- Provided material

____________________

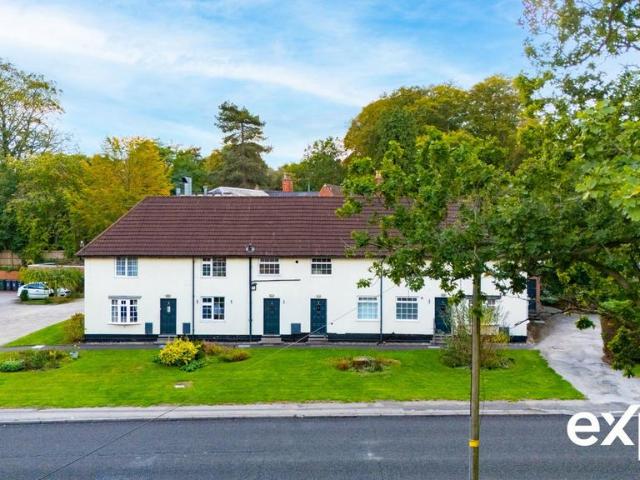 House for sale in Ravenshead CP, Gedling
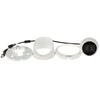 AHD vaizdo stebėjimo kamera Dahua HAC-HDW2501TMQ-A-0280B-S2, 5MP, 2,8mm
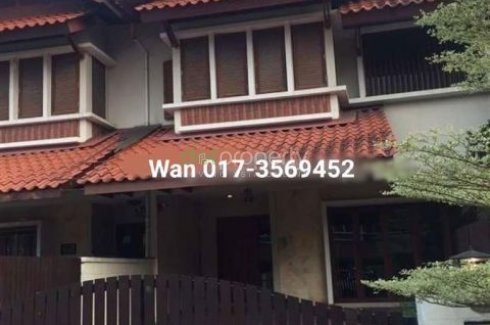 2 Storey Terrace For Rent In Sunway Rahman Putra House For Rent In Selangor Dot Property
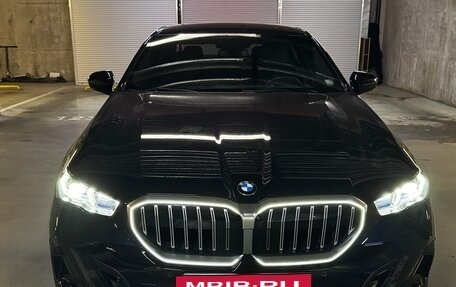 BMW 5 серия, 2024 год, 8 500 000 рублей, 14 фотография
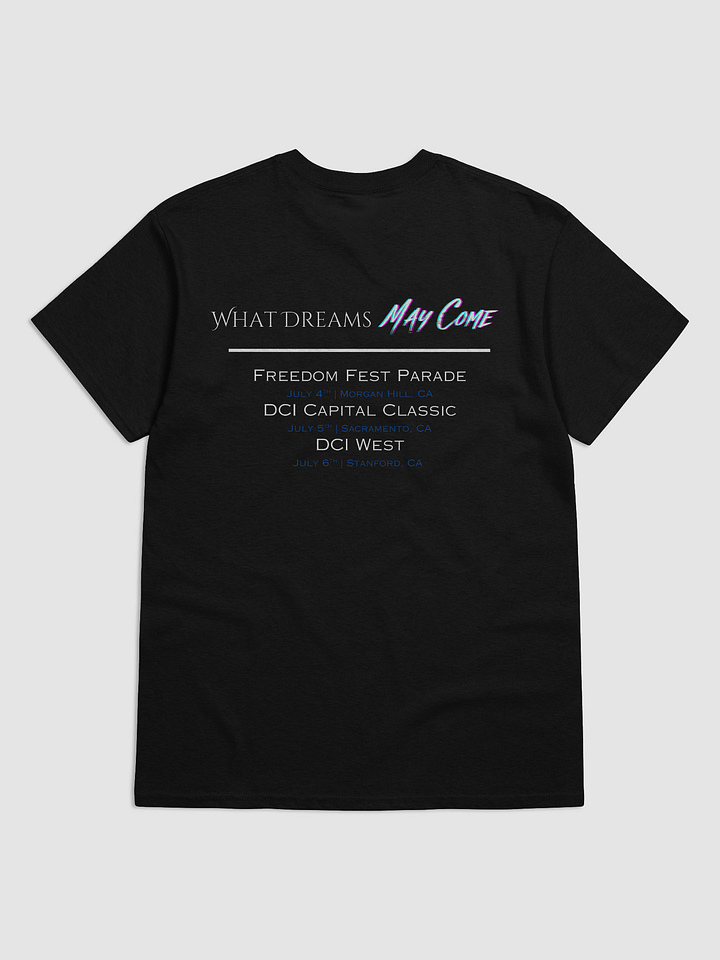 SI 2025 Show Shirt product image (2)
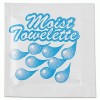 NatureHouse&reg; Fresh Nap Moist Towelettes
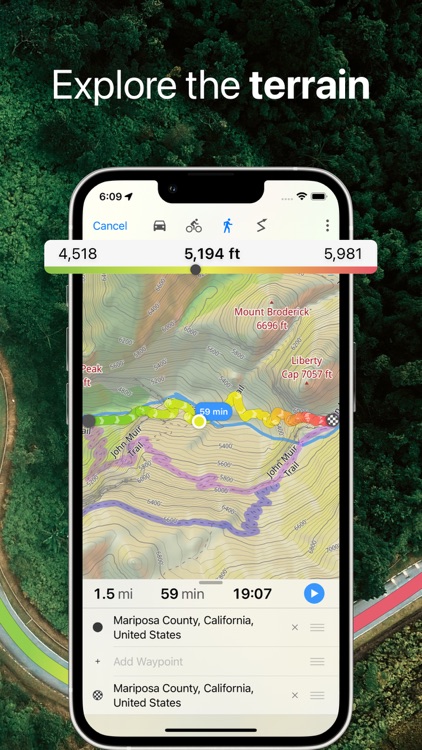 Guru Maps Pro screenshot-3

____________________

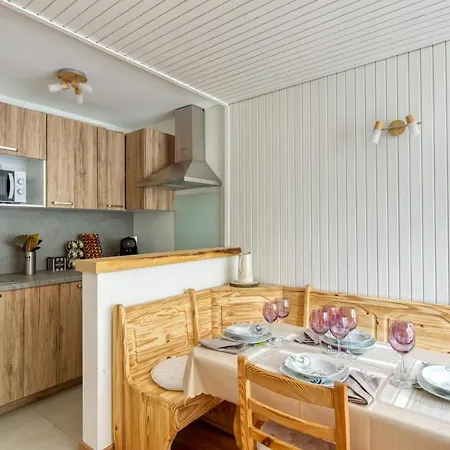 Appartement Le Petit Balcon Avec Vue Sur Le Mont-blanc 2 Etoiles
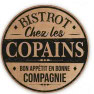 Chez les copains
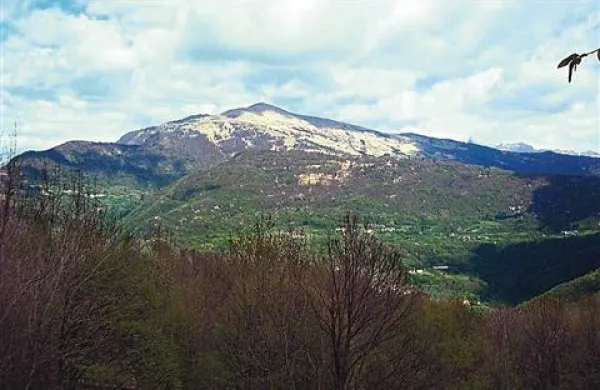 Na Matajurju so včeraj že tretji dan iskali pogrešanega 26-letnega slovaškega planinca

____________________

- Work required
Given the listing above, repeat exactly the lines starting at the one with "House for sale in Ravenshead CP, Gedling" and ending at the one with "Guru Maps Pro screenshot-3", inclusive, excluding pictures.

- Response to this task
 House for sale in Ravenshead CP, Gedling
 AHD vaizdo stebėjimo kamera Dahua HAC-HDW2501TMQ-A-0280B-S2, 5MP, 2,8mm
 2 Storey Terrace For Rent In Sunway Rahman Putra House For Rent In Selangor Dot Property
 BMW 5 серия, 2024 год, 8 500 000 рублей, 14 фотография
 SI 2025 Show Shirt product image (2)
 NatureHouse&reg; Fresh Nap Moist Towelettes
 Guru Maps Pro screenshot-3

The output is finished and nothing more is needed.